START Record excerpts

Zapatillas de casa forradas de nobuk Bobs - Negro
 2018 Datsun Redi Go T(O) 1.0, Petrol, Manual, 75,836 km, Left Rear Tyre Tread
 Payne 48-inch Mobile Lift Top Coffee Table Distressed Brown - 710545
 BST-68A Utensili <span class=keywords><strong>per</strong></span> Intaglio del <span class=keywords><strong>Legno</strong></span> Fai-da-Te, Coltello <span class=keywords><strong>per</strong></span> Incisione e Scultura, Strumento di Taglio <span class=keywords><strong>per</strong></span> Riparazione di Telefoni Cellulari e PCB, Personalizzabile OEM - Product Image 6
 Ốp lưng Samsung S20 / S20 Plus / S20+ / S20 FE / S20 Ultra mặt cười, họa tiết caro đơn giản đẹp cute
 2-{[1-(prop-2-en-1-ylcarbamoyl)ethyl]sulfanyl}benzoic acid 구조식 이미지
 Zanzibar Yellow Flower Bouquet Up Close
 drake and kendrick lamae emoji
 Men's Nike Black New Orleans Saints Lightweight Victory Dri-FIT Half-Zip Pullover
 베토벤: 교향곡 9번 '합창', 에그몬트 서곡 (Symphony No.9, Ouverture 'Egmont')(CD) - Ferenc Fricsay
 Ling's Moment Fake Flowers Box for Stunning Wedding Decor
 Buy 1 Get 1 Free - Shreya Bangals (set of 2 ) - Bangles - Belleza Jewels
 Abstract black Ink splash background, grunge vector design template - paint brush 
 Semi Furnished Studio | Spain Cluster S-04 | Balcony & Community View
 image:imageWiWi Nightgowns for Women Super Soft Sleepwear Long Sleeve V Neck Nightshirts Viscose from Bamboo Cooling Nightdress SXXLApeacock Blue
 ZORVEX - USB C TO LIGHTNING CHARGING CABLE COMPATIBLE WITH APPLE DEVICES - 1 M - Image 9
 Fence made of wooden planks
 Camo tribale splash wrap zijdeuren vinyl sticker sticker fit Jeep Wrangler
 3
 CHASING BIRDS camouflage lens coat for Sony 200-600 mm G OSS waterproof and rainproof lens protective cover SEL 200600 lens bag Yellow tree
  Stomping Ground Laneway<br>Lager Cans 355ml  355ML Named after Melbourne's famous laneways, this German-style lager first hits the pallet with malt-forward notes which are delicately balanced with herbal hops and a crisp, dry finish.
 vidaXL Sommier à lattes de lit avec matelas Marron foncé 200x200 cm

END Record excerpts

◆ Task to carry out ◆
Some lines above contain the word "splash". Copy each of them.

◆ Solution ◆
 Abstract black Ink splash background, grunge vector design template - paint brush 
 Camo tribale splash wrap zijdeuren vinyl sticker sticker fit Jeep Wrangler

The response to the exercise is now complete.